Just happened to come across your content. Super well done video man!! Very in depth and shows a great step by step process, thanks for taking the time to make this!!
The evolution saws work pretty good. We bought one for cutting aluminum. I wish they had better clamping. There is a newer style that looks like it has better clamping.
Lot of niches out there to make money if you take time to do the research. Always have another one to pivot to when the one you're doing becomes saturated. I made a killing making equatorial telescope mount adapters for higher end vintage surveyor tripods on a mini lathe for around 2 years. The Chinese caught on, undercut, and saturated the market, it was good while it lasted. On to the next one.
Nice Job on the Tube. The huge stick out and Furick cup are huge gas wasters. they look cool and have there place. Your backside will look better with a smaller gas lens and less stick out . Dont ask me why but it will .

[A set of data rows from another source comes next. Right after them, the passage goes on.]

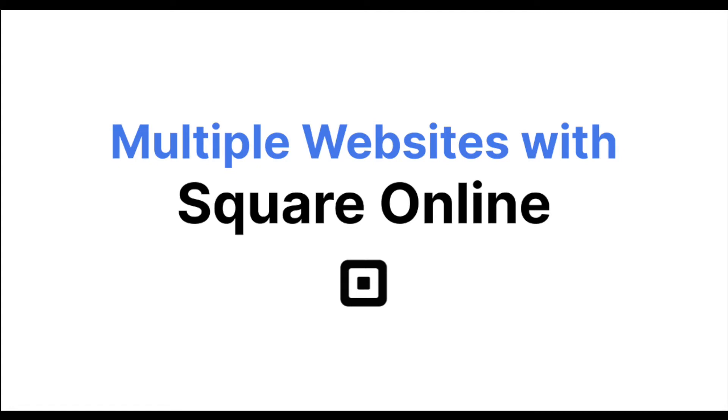You can leverage multiple websites in Square Online to manage multiple concepts, brands, or websites in one account. We'll cover how to add a site, onboarding a new site, using the site switcher, and the differences between site-specific and global account settings.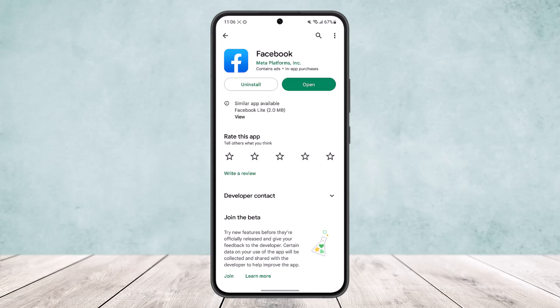Make sure your ID name matches your account name. When you create your Facebook account, use your real name, because Facebook won't let you get back into your account if the names or pictures don't match. Hope this helped — do like and subscribe, and leave a comment below if you have any further issues.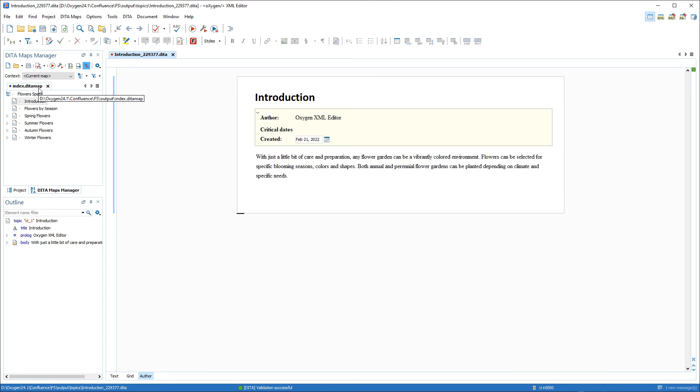Feel free to give the Batch Documents Converter tool a try for various types of quick conversions. This concludes this short demonstration. Thank you for watching.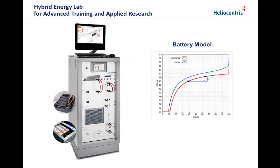Hello and welcome. In our video series on the Heliocentris Hybrid Energy Lab, we are now taking a closer look at the battery modeling.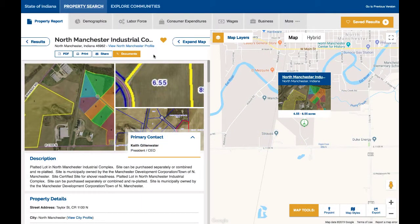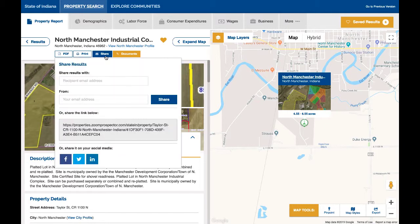You can easily export, print, or share a single saved item or an entire folder in a variety of ways by clicking on these buttons over here.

Thanks! That's interesting, but I've never heard of that... I deduced that this bad purge was from not using diffuser in the feed end. Never had an issue using larger cups beyond the occasional mess up from stuff like that. As for the gas waste, in my opinion the benefits outweigh the cost significantly!
Nice to see the old Lincoln Square Wave at work. I've got the same one. My only complaint is the non adjustable post flow. Wastes a lot of Argon when tacking and / or doing short welds.
You can add an off delay timer and a solenoid valve to stop your shielding gas as early as you like. The gate of the timer would be connected to your pedal or anywhere in the circuit that's hot when the pedals not.
Nice! It's a great machine. Served me well for 10 years already, and it was used when I purchased it too. I see these going all the time for $1200-1500 in my area. Solid deal. I completely agree with you about the lack of post flow being wasteful. Especially on 30+ cfh jobs. My only other gripe is not having control over the AC balance when I'm doing aluminum. Cheers!
Current pricing out my z33 top mount turbo kit from ace right now!! Also looking into modifying a locally available rear mount turbo setup for my daily/show car 😭
9:53 Takes a lot of practice before you can stack dimes like that on a flat surface. Even longer to get where you can walk around a circle and still be that steady.
You can do it, just need to get your face right down in it , and get your wrist supported real comfortably . You need the hand steady enough to pick I sliver out of your skin with tweezers. Generally if you have good handwriting , you'll get good at welding . I welded for the airlines back in the 80's , and haven't done much since then, but in a matter of 2 weeks it all came back to me. I actually was a young kid back then making $24hr. in the 80's.
I was thinking today about how to easily make a jig for repeatable fabrication in a diy setup, thank you so much, seeing the simplicity while being so effective. For something big and on a lot of planes like v8 headers would I jig each individual runner? I have headers for a few different swaps, would i have to ruin them to make a jig?
You make a fixture to do those down pipes and do them quicker. Why don't you have the measurements wrote down on it for each piece so you don't have to keep measuring??
My bad, it's a bit hard to tell. I used the chop saw to make an angle cut to match the angle that the 2-bolt flange sits on. Faster than adjusting the bandsaw.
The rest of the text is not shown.